The historic team was first placed on the ballot in 2017 and have not received the votes needed for the nod, despite an extensive multi-year campaign to include the group.

“It hurts,” said Blake Harding, whose father and two uncles were members of the team, which was the first Black team to win an Ontario Baseball Association Championship in 1934.

“It breaks my heart to see that St. Marys hasn't recognized them in all this time. Give me a reason. Just tell me why,” he said.

Harding noted the All Stars were inducted into Canada’s Sports Hall of Fame in 2022, but remain shut out of the Canadian Baseball Hall of Fame, with little explanation.

Harding said the team’s members were trailblazers on and off the field, accomplishing things never done before, suggesting their legacy is still felt in Chatham-Kent as many descendants of the team still work and reside there.

Blake Harding on Feb. 9, 2024. (Chris Campbell/CTV News Windsor)

“There's so many positive spins that come from that team that's more than baseball,” Harding explained. “And in this community, Chatham, Windsor, southern Ontario, they opened so many doors and they played with dignity and that's all they wanted was dignity and respect.”
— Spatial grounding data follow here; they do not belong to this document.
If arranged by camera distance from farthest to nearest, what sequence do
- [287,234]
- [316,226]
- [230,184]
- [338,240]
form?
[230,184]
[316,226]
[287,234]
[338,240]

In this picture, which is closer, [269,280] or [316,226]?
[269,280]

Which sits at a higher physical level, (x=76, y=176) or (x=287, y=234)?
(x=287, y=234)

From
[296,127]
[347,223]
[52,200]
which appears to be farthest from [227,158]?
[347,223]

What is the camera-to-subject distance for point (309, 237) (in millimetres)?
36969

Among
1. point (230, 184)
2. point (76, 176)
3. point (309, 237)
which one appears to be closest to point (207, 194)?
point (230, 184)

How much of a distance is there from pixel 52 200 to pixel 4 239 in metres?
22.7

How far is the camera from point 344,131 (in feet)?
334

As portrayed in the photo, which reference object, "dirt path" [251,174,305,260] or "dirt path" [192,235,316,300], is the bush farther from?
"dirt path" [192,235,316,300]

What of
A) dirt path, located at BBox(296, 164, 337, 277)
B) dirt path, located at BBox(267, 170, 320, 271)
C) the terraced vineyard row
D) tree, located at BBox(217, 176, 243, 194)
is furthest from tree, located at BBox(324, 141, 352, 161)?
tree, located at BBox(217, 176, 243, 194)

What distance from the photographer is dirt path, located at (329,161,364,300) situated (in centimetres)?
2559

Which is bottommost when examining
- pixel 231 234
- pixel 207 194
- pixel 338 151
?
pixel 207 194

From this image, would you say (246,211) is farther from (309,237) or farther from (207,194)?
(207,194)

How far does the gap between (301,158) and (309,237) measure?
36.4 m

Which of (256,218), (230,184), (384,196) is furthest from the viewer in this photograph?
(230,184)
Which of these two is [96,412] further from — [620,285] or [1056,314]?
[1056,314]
Harding explained he’s pleased the team’s history will be taught in Ontario schools along with Black history education starting in September 2025. He said efforts will continue to get the recognition, urging supporters to not be angry.

“There are some people in the community that are bitter. There are some people that wrote St. Marys with nasty letters and I said that's not going to get ‘em in. It's not,” said Harding.
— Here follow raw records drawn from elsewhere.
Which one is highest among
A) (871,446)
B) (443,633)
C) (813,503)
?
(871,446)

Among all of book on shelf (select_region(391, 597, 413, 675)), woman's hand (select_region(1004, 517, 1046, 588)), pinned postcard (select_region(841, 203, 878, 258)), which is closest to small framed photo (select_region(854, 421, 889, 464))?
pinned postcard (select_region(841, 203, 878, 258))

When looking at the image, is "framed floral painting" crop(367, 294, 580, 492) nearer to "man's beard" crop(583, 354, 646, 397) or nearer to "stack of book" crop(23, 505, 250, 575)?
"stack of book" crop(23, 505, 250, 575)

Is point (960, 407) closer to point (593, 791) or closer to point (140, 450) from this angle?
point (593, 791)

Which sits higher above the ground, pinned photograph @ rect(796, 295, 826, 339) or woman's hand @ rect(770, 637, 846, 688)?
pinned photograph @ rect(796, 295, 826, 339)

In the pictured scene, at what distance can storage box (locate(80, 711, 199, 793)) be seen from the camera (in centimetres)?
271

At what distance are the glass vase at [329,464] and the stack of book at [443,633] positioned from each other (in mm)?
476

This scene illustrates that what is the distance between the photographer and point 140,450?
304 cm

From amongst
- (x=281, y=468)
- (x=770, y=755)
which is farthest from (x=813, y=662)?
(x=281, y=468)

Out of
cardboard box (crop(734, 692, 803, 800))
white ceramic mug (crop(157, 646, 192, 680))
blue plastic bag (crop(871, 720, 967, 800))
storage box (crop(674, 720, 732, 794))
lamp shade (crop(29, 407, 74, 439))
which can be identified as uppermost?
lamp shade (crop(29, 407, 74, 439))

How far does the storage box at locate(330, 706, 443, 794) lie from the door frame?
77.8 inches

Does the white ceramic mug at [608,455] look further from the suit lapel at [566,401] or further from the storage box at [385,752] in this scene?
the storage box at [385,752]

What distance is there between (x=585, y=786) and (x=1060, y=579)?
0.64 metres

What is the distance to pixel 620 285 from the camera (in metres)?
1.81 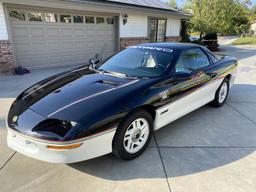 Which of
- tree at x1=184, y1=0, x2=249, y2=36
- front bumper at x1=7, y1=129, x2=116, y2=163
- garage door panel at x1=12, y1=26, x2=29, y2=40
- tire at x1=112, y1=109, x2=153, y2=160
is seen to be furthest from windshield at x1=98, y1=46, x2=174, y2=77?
tree at x1=184, y1=0, x2=249, y2=36

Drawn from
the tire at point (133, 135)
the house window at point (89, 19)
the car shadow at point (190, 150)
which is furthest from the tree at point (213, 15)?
the tire at point (133, 135)

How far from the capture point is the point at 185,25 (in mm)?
17625

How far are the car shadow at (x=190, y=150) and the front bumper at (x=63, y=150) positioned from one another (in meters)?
0.38

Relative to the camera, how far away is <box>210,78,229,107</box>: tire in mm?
4227

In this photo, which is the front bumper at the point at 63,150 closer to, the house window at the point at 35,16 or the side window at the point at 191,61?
the side window at the point at 191,61

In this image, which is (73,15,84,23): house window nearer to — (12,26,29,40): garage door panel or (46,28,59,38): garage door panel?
(46,28,59,38): garage door panel

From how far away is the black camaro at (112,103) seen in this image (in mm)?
2059

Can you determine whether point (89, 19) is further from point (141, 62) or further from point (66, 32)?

“Keep that same front that the All Stars put forward, that you demand respect. We are here, we're not going away. We demand respect,” Harding told CTV News. “If St. Marys doesn't want us, that's their loss. You know, it just gives the credibility to the institution that they represent.”

“It just doesn't make any sense,” said fellow descendent and Buxton National Historic Site and Museum curator Michelle Robbins.

Robbins said, “It's so disappointing to not honour these players and their families and it's just been ongoing every year, every year, every year. And now it's almost a statement from them, but what is the statement?”

“After receiving the Order of Sport, I think, for a lot of those family members, that was a turning point for them and they were honoured in such an amazing way. But now, they're still being snubbed by the Canadian Baseball Hall of Fame where they should have been honoured years and years and years ago,” said Robbins.

Robbins continued, “There are so many descendants, of all of these amazing players that broke so many barriers for so many people and being descendants of those players, it's time for them to be honoured in the way that they should be.“

The Chatham Coloured All-Stars. (Chris Campbell/CTV News Windsor)

“I just can't make sense of it,” said Chatham resident and avid baseball fan Jay Smith. “This is a story that needs to be told, that deserves to be told, and locally, we're telling it over and over and over again and that recognition to be recognized, to have this story told across this country is needed.”

Smith said, “The fact that this seems to happen every year with the Canadian Baseball Hall of Fame and Museum coming down with their nominees in February, every year, Black History Month, there's a good way for them to get in front of this and do some damage control from years past in my honest opinion and they just continue to not do so.”

“I feel like the Hall of Fame is failing,” Smith stated, “It's getting in its own way with this story. There's no disrespect to any of this year's nominees, any nominees from years past. I love baseball, first and foremost, and that's what this is. It's a baseball story, but so much more,” said Smith.

CTV News reached out to the Canadian Baseball Hall of Fame for response, but officials were unavailable for comment before this story’s publication.

Former Toronto Blue Jays Russell Martin and Jimmy Key headline the 2024 class of inductees this summer on June 15.